On arrive donc à la troisième théorie présentée dans l'ouvrage.
Théorie matérialiste / socio économique
Enfin, la théorie matérialiste / socio-économique (le patriarcat est un système d’exploitation économique créé par l’homme) : la femme est vue comme une ressource économique et le travail domestique est vu comme gratuit.
On peut citer ces différents ouvrages, même s'ils ne composent qu'une petite partie d'un corpus documentaire à ce sujet :
L’Exploitation Domestique – Christine Delphy – Syllepse − ISBN 978-2849507384 − 2019 Sexe, Race et Pratique du Pouvoir – Colette Guillaumin − Éditions iXe – ISBN 979-1090062313 – 1992 réédité 2016 Nicole Claude Mathieu (synthèse de textes) : https://shs.cairn.info/revue-cahiers-du-genre-2011-1-page-193?lang=fr
Dans ce système, Les femmes ne sont pas “moins payées” : elles sont structurellement non payées. Dans ces conditions, le patriarcat devient mesurable, chiffrable, comptable. Très matérialiste, au final.
Guillaumin va encore un peu plus loin : les femmes ne vendent pas leur force de travail, elles sont appropriées. Par le mariage, les normes juridiques, disponibilité corporelle, hétérosexualité obligatoire. Le parallèle avec l’esclavage (conceptuel, pas moral) est volontairement provocateur.
Cette théorie explique bien pourquoi le travail des femmes est dévalorisé, pourquoi le patriarcat s'adapte bien au capitalisme, pourquoi les hommes ont des intérêts dans le système (même les hommes dominés économiquement, bénéficient du travail gratuit féminin).
Mais elle n'explique pas tout. Elle explique mal le côté symbolique du patriarcat. Elle suppose un patriarcat tout à fait rationnel, économique. Elle a du mal à expliquer sa persistance hors du travail (sexualité, famille, pourquoi le désir est genré, pourquoi la domination est érotisée).

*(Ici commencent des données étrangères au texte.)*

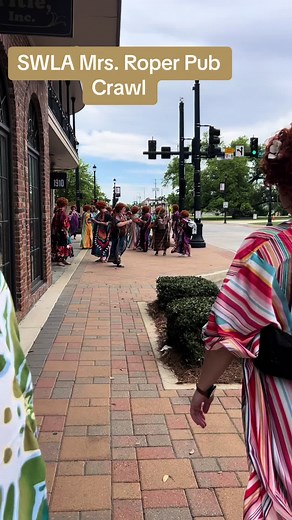 If you ever find yourself near a Mrs. Roper event, just grab a kaftan and go. #pubcrawl #swla #mrsroper #mrsroperpubcrawl #helenroper
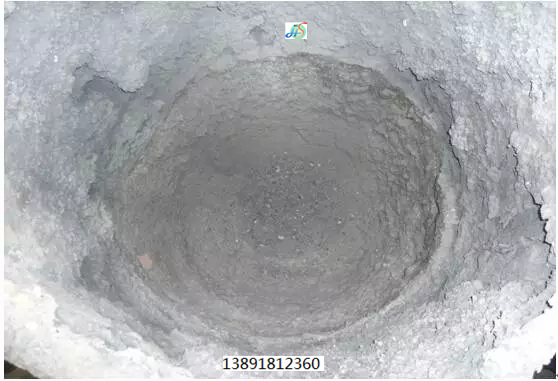 熔煉鑄鐵的爐襯被侵蝕情況_副本.jpg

Et aussi, elle n'explique pas le cas des sociétés non capitalistes.
Donc voilà ! ce n'est pas simple et j'ai tenté en quelques pages d'expliquer la révolte des femmes dans Gingelys. Je pourrai faire un roman entier que sur ces aspects. Cependant, j'espère qu'avoir gratté la surface de ces théories dans un récit de fiction permettra de faire comprendre des mécanismes assez complexes de manière (un peu) ludique. Je vous encourage à faire des recherches complémentaires, car cette article lui aussi n'est pas 100% exhaustif.